▶ _Data extracts_
—————

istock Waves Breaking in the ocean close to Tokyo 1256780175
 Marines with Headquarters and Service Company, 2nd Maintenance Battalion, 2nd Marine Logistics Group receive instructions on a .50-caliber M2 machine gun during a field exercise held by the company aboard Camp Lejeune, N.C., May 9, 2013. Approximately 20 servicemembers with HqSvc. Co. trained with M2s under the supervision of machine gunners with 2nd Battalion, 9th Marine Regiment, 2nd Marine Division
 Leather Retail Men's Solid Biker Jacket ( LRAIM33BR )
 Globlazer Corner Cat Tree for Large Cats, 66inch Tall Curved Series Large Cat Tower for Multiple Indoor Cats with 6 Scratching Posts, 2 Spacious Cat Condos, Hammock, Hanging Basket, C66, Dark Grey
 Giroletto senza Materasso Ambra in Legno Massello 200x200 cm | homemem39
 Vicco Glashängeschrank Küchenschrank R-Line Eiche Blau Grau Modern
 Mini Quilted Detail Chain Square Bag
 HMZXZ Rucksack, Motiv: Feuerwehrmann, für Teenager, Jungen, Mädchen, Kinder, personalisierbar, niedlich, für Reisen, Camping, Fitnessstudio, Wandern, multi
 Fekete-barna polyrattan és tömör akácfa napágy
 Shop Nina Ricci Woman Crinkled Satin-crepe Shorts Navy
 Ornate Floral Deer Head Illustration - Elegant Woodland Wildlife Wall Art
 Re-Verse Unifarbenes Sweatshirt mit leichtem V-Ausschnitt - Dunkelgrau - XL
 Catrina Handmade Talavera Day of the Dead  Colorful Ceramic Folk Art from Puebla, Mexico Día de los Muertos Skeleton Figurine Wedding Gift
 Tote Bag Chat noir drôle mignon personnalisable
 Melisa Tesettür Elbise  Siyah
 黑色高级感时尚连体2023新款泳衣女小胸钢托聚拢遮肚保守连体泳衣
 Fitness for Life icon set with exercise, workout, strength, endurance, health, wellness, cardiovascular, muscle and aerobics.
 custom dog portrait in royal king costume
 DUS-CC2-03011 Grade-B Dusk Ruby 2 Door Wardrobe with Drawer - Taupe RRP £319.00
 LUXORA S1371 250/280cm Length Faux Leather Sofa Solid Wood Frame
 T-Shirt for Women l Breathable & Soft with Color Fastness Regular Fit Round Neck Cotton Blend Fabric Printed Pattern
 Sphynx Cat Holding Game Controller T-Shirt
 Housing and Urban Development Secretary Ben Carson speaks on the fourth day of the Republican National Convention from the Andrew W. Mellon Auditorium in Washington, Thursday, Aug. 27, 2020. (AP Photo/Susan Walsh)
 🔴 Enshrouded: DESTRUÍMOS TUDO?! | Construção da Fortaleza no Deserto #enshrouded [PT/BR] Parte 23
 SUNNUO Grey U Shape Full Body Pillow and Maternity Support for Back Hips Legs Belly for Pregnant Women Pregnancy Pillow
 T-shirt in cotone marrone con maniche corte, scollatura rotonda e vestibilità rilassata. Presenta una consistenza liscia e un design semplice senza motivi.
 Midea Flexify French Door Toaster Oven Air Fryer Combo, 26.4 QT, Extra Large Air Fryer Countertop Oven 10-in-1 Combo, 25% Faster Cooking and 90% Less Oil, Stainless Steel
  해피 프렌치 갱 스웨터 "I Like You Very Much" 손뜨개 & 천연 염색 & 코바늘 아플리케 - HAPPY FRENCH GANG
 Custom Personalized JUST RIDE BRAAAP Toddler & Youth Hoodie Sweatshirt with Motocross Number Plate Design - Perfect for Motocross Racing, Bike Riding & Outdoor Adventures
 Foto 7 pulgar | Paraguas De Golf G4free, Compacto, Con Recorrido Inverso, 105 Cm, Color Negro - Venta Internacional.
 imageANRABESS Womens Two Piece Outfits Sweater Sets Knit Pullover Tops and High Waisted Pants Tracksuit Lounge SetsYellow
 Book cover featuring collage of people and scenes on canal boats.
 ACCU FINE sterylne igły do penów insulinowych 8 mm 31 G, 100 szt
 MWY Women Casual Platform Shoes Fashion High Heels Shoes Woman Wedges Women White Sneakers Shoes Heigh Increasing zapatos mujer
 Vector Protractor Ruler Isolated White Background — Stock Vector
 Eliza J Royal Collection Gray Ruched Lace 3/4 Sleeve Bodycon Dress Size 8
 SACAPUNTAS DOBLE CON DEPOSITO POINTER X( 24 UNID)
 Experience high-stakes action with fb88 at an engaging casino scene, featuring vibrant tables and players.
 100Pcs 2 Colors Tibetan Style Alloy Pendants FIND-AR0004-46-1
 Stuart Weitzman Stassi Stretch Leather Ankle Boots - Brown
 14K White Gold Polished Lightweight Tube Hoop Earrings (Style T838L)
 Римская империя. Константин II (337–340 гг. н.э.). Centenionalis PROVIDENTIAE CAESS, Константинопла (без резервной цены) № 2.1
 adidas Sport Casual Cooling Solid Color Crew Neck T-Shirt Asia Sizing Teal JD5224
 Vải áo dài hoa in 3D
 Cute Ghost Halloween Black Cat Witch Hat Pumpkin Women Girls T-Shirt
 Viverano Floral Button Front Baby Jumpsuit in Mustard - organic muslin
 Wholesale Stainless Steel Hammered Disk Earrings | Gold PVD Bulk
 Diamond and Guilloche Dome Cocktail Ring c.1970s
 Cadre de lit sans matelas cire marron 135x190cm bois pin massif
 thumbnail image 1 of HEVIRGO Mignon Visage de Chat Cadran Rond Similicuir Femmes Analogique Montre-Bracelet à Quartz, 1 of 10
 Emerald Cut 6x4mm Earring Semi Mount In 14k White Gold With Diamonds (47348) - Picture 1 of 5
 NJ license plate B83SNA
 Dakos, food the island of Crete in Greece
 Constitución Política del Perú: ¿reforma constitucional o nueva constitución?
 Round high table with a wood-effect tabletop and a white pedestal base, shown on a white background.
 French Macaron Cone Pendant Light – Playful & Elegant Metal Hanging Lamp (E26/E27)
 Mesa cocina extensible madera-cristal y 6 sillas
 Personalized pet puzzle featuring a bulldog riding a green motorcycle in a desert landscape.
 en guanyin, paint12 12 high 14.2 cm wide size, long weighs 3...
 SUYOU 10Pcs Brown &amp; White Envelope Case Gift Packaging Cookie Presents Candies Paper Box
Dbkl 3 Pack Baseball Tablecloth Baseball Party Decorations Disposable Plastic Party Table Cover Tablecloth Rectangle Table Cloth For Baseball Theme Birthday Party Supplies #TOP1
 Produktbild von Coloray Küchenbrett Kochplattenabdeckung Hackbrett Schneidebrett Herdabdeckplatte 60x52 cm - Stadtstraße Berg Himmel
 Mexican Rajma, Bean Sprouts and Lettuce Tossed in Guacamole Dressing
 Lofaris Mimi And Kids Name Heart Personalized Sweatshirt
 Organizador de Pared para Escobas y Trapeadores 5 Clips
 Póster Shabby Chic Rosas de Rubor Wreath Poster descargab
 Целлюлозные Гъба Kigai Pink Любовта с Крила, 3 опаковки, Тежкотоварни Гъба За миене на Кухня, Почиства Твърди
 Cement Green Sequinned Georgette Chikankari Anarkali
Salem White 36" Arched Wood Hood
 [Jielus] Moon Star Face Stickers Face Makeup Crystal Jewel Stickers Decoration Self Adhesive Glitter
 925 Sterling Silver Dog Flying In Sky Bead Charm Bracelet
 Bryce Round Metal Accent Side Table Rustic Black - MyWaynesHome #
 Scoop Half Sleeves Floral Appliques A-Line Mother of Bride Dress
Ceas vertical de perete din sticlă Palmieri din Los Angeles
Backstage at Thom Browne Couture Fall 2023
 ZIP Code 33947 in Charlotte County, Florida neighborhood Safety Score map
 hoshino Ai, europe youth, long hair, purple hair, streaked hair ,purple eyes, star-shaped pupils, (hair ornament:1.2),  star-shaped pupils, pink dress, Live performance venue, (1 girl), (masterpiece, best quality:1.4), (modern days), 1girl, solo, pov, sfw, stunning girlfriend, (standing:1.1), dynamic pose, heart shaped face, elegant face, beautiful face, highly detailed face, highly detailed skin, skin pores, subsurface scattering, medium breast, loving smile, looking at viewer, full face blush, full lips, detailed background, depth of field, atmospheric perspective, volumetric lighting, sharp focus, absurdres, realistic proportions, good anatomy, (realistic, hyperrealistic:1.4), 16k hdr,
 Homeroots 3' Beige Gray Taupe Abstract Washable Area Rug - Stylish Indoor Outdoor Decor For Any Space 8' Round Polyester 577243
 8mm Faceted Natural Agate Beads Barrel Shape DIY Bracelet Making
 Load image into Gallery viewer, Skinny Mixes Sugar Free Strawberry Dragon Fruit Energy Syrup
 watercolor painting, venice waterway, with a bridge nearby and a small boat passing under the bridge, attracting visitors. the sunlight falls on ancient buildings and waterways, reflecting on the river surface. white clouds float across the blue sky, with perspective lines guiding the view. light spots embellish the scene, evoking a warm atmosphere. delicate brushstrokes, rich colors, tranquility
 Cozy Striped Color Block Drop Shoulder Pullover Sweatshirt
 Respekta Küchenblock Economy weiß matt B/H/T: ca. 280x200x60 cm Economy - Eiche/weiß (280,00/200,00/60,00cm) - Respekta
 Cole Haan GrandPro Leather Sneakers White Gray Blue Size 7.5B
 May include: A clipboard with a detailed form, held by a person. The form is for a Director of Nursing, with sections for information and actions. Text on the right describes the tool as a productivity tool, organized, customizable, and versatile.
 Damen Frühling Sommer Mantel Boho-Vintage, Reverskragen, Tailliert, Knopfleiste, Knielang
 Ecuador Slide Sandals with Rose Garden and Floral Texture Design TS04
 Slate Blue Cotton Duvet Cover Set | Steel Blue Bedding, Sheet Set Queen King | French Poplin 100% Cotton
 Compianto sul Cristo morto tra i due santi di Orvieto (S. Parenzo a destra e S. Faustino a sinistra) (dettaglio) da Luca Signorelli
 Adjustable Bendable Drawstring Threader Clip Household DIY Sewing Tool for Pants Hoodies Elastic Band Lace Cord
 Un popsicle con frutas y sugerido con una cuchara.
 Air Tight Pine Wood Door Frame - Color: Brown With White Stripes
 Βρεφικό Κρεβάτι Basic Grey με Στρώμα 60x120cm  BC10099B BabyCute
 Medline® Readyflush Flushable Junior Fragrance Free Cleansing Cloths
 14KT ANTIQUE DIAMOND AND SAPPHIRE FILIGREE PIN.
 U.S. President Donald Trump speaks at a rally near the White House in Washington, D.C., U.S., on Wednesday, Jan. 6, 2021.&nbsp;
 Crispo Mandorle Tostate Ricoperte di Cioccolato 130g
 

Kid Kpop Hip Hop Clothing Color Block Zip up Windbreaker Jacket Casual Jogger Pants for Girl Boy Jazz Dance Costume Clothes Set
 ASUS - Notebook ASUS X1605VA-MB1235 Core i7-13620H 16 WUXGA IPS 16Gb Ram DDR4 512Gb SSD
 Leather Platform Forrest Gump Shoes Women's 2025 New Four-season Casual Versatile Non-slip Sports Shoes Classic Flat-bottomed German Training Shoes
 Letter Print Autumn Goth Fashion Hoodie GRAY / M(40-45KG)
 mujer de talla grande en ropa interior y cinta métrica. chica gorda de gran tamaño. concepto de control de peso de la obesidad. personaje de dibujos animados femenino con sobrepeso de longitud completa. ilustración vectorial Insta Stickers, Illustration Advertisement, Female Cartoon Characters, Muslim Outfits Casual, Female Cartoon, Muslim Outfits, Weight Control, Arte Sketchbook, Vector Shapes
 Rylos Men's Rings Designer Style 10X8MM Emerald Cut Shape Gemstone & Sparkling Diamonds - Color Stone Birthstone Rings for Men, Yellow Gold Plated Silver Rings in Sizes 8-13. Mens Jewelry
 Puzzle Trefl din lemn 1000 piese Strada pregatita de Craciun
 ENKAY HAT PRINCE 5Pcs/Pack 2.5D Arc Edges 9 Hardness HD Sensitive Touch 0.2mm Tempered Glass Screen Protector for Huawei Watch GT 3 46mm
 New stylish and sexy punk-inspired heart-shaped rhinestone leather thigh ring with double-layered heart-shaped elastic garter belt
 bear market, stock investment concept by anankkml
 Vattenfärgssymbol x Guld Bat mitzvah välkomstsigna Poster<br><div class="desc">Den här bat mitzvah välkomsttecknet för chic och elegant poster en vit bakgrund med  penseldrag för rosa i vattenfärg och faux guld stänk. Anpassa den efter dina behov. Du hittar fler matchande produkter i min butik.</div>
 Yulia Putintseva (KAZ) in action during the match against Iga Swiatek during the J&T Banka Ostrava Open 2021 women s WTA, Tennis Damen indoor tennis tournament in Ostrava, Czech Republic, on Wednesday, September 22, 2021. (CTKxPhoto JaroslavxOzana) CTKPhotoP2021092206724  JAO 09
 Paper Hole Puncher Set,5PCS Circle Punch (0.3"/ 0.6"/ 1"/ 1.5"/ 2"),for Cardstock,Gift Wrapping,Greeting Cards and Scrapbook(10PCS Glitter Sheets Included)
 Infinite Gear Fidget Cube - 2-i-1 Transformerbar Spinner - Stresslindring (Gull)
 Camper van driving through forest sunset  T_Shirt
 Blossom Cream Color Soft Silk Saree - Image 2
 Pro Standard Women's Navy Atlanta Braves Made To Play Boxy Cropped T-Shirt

—————

▶ _What is needed_
Extract the lines of the preceding material that run from the line with "Tote Bag Chat" through the line with "Custom Personalized JUST", inclusive, reproducing them exactly and adding nothing.

▶ _Result of this task_
 Tote Bag Chat noir drôle mignon personnalisable
 Melisa Tesettür Elbise  Siyah
 黑色高级感时尚连体2023新款泳衣女小胸钢托聚拢遮肚保守连体泳衣
 Fitness for Life icon set with exercise, workout, strength, endurance, health, wellness, cardiovascular, muscle and aerobics.
 custom dog portrait in royal king costume
 DUS-CC2-03011 Grade-B Dusk Ruby 2 Door Wardrobe with Drawer - Taupe RRP £319.00
 LUXORA S1371 250/280cm Length Faux Leather Sofa Solid Wood Frame
 T-Shirt for Women l Breathable & Soft with Color Fastness Regular Fit Round Neck Cotton Blend Fabric Printed Pattern
 Sphynx Cat Holding Game Controller T-Shirt
 Housing and Urban Development Secretary Ben Carson speaks on the fourth day of the Republican National Convention from the Andrew W. Mellon Auditorium in Washington, Thursday, Aug. 27, 2020. (AP Photo/Susan Walsh)
 🔴 Enshrouded: DESTRUÍMOS TUDO?! | Construção da Fortaleza no Deserto #enshrouded [PT/BR] Parte 23
 SUNNUO Grey U Shape Full Body Pillow and Maternity Support for Back Hips Legs Belly for Pregnant Women Pregnancy Pillow
 T-shirt in cotone marrone con maniche corte, scollatura rotonda e vestibilità rilassata. Presenta una consistenza liscia e un design semplice senza motivi.
 Midea Flexify French Door Toaster Oven Air Fryer Combo, 26.4 QT, Extra Large Air Fryer Countertop Oven 10-in-1 Combo, 25% Faster Cooking and 90% Less Oil, Stainless Steel
  해피 프렌치 갱 스웨터 "I Like You Very Much" 손뜨개 & 천연 염색 & 코바늘 아플리케 - HAPPY FRENCH GANG
 Custom Personalized JUST RIDE BRAAAP Toddler & Youth Hoodie Sweatshirt with Motocross Number Plate Design - Perfect for Motocross Racing, Bike Riding & Outdoor Adventures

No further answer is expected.